For a week, the team pooled around 656,000 photos from the Internet's prime selfie repository, Instagram. After collating photos from five cities (Bangkok, Berlin, Moscow, New York, and São Paulo), the team then whittled the collection down to a total of 640 images, each of which were then examined closely for exhaustive analysis of context and cultural data. The findings illustrated a variety of selfie habits (which typically differed between countries), including the age and gender of the photographer, the prevalence and degree of the 'awkward lean' (also known as a head tilt), and the emotions captured.
Interestingly enough, despite some 79 million photos bearing the hallmark hashtag, selfies only account for around three to five percent of total Instagram photos. There is, of course, some wiggle room: according to Wired, other hashtags for similarly inclined photos include #selfies, boasting around 7 million photos; #selfienation with 1 million photos; and #selfiesfordays with approximately 400,000 photos. There's also an unknown number of selfies that don't play host to any of the above hashtags, which may skew the data somewhat. Nevertheless, the low number came as a shock to the team behind Selfiecity. "I'm still surprised the number is so low," said Manovich.
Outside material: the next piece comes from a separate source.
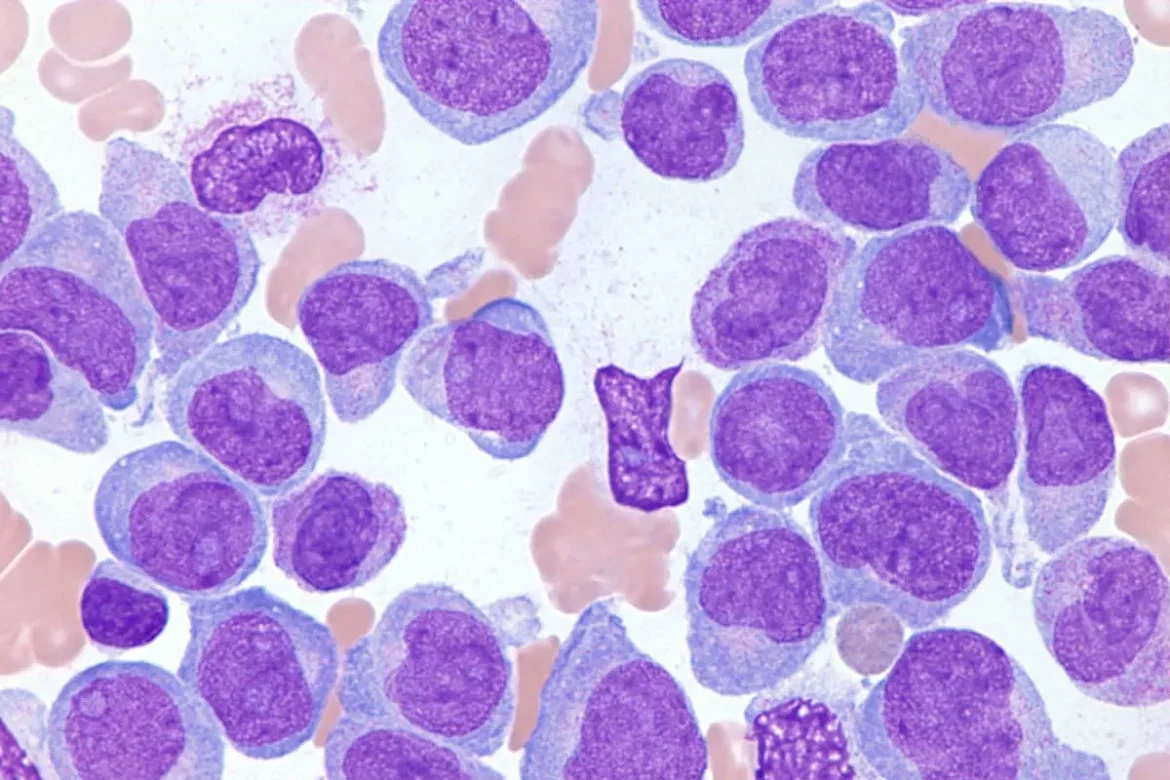 Nuevos descubrimientos: optimizan el pronóstico de la leucemia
Though the data reveals no great shocks, plenty of broadly acknowledged assumptions now seem to hold water, with the findings supporting certain theories. "The idea was to confront the generalizations about selfies, which are not based on data, with actual data," confirmed Manovich. "We wanted to look at what the actual patterns are."
For one: selfies are a young person's game, with the estimated median age clocking in at 23.7. Women generally take more selfies than men (in Moscow, it's an 80:20 ratio), though at the age of 40, there's a bit of a switcheroo, with men becoming more inclined to self-photograph. Similarly, women were found to be more likely culprits when it came to the awkward lean, tilting their heads a whopping 150 percent more than the men surveyed - that is 12.3 degrees to men's 8.2 degrees. In São Paulo, women are the most emphatic head tilters, clipping the scales at 16.9 degrees. Conversely, ladies in New York opt for a more subtle lean, reaching just 11 degrees.
Mood analysis also formed a key component of Selfiecity's data mining, with Moscow residents turning in the fewest smiles in their photos. The residents of Bangkok and São Paulo, however, compete for the top spot, or at least the most outwardly content photo faces. Selfie enthusiasts in New York and Berlin vied for the middle spots. Of the surveyed cities, New York appeared to be the most ethnically diverse, living up to its reputation as a hub of multiculturalism. However, as Manovich pointed out in an email to The Guardian, it proves difficult to identify a tourist from a resident. "We can use some of Instagram data to guess this - but there is no way to know this exactly in many cases," he wrote.
With selfies showing no signs of losing traction, we're sure there's many more ways in which the information can be gleaned and interpreted, leaving us to learn new facts along the way. Perhaps the duckface photos will even find their way into big data, providing a fresh perspective from which to analysis patterns in human behavior.